Take Risks To Get The Superstars On Your Team
At the risk of opening a big sore wound with my Jets friends, owner Bob Kraft’s clever recruiting ploy to get Belichick away from the Jets and to the Patriots in 1999 was considered a real tide-turner for the Patriots (obviously) and deepened the already bitter rivalry between the two teams. Belichick was named head coach of the Jets in 1999, only to resign a day later at the press conference intended to introduce him as the Jets head coach. Not long after that, he was introduced as the head coach of the Patriots. The NFL slapped the Patriots by giving the Jets a first round draft pick, but the Patriots got Belichick. The rest is history.
On the payments side, a lot of the big plays in payments over the last couple of years have come at the expense of Chase … a slew of First Data execs including its president, CEO and key innovation and strategy execs, and Visa’s CEO and president. VeriFone snagged Citi’s enterprise CEO Paul Galant and PayPal lured Dan Schulman away from AmEx to run the new publicly traded PayPal. ShopRunner got PayPal ex-President Scott Thompson and $200M from Alibaba.

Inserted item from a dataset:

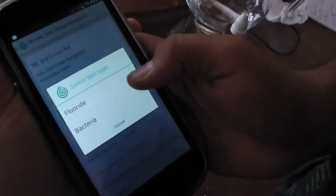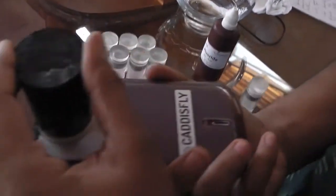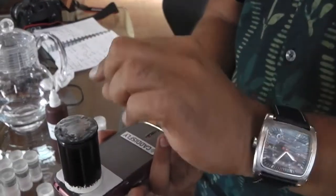It gets its GPS location. You go to location, start new test, and select your test type. Right now there's only fluoride and the bacterial test. Then you hold it this way — at the moment you need to hold it inverted, because there's an air bubble that forms at the top of the cartridge, and you don't want that interfering with the test result.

Even if you’re not an American football fan (and if you are and hate the Patriots), hopefully there’s something to be learned from both a coach who views his job as getting his team to win championships and not the league’s Mr. Congeniality award and a quarterback who’s a continual magnet of criticism for being pretty good at what he does and consistently held up by sportscasters as one of the best quarterbacks ever.
There’s also another lesson here that’s worth noting.

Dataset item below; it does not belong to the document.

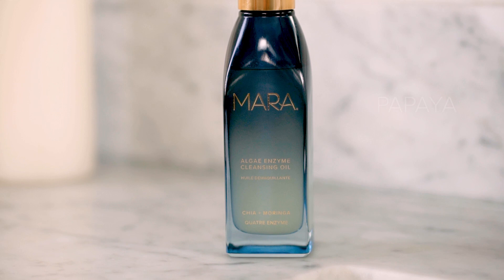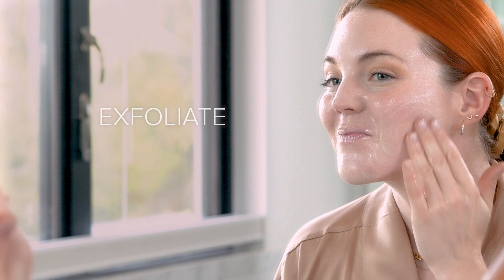This formula is really unique for a cleansing oil. It has four types of fruit enzymes — papaya, pumpkin, pineapple, and grapefruit — that work together to gently exfoliate, soften, and brighten the skin. It also has spirulina and kelp, which have phytonutrients, and chia moringa and squalane for hydration, so you're moisturized and never dry.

Winners are targets. And the powerful (and nice-looking ones married to supermodels) are even bigger targets. It’s who everyone loves to hate, or just plain hates, and works relentlessly to unseat, unravel and minimize. That’s what drives innovators, innovations, and the investments and energy that support both. Some efforts in some segments have been more effective than others (see money transfer and lending), seem never to end (merchants suing networks over interchange fees) and have visibly disrupted the balance of power (Apple Pay and its go-to market strategy).
In other cases, well, let’s just say that it’s still the first quarter, the teams are on the field and the play is about to begin.